What you need to do ▸
Repeat exactly, and only, the lines of the entries below from the one with "教你&ldquo;復活&rdquo;你的LED節能燈" through the one with "Meet your Posher, Marion", both ends included.

Material to process ▸

★ ★ ★ ★ ★ ★ ★

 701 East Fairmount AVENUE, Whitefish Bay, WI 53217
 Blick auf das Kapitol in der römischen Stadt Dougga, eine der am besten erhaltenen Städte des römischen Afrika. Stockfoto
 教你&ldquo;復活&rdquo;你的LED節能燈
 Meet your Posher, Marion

★ ★ ★ ★ ★ ★ ★

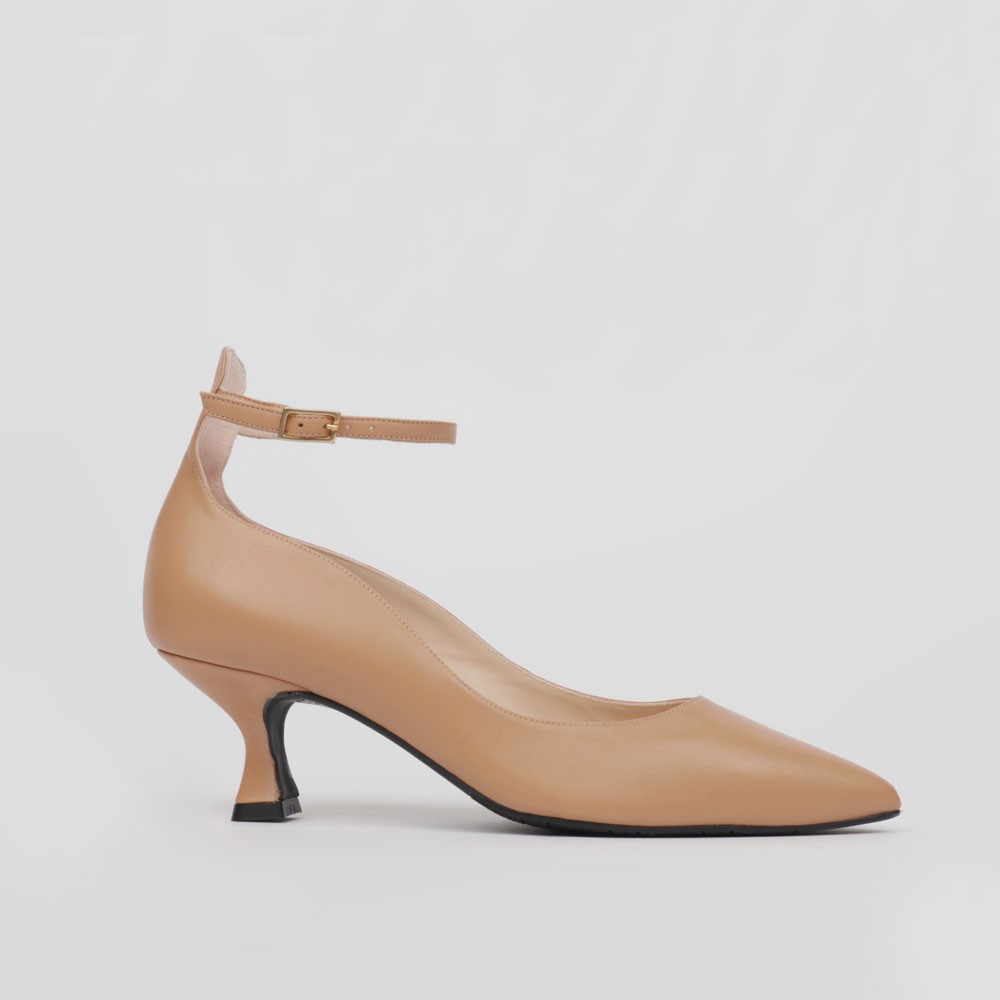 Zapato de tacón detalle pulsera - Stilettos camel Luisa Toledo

★ ★ ★ ★ ★ ★ ★

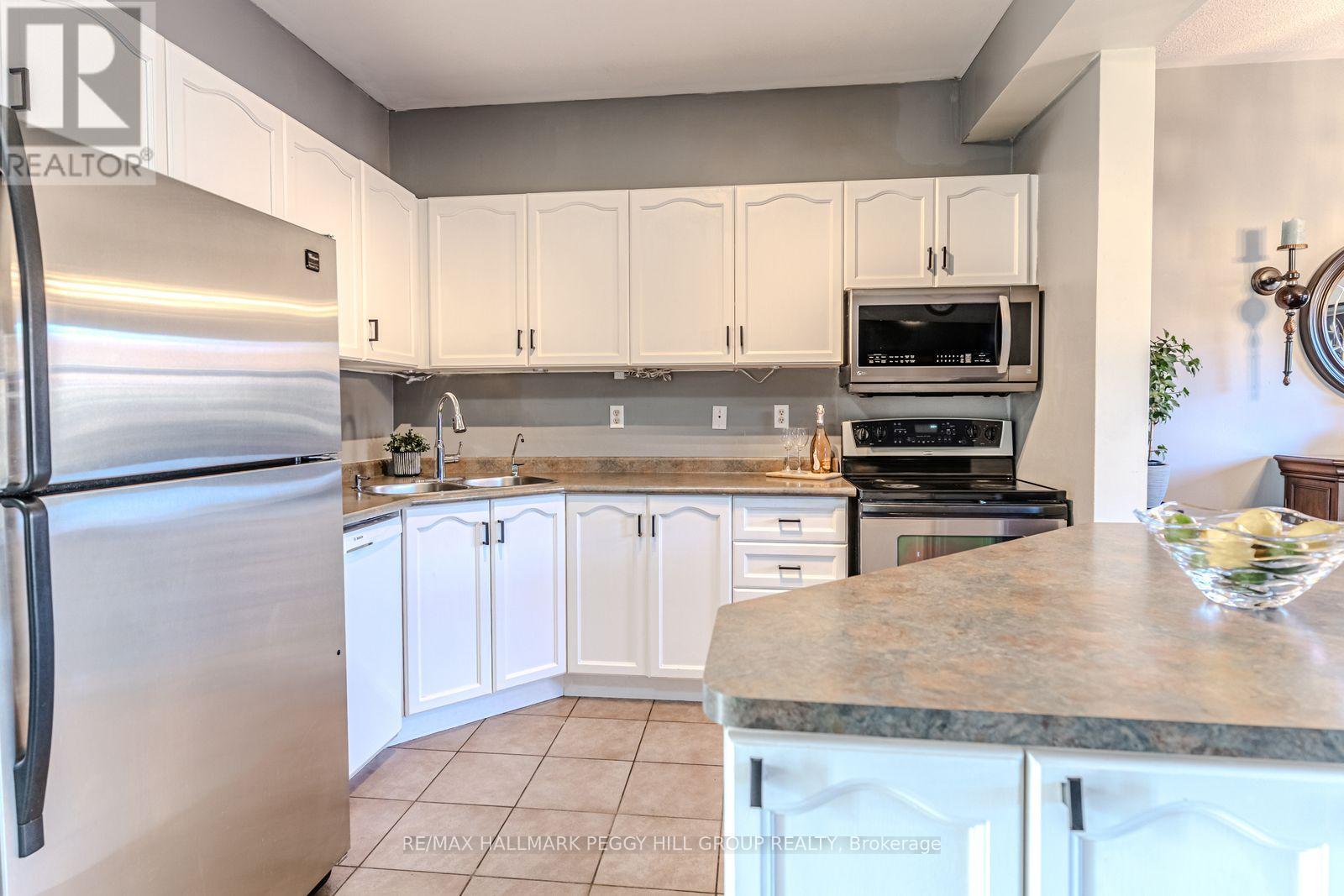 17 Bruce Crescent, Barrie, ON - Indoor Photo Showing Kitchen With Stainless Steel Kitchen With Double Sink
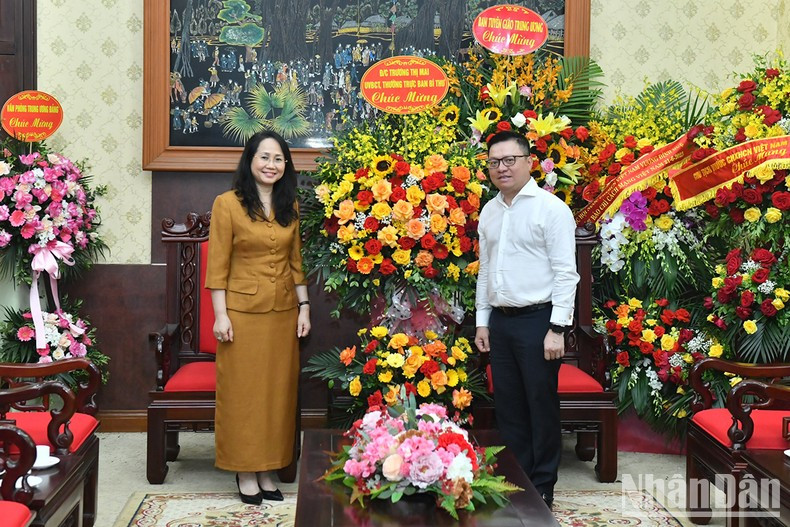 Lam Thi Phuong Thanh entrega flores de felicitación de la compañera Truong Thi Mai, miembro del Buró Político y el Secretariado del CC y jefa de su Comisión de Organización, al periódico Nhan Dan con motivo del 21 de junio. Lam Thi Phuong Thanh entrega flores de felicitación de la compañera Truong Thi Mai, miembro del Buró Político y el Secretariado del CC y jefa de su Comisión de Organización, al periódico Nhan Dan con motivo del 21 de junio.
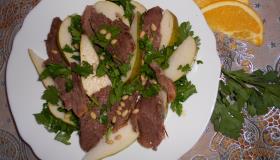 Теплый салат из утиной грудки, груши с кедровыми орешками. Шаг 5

★ ★ ★ ★ ★ ★ ★

Answer to the problem ▸
 教你&ldquo;復活&rdquo;你的LED節能燈
 Meet your Posher, Marion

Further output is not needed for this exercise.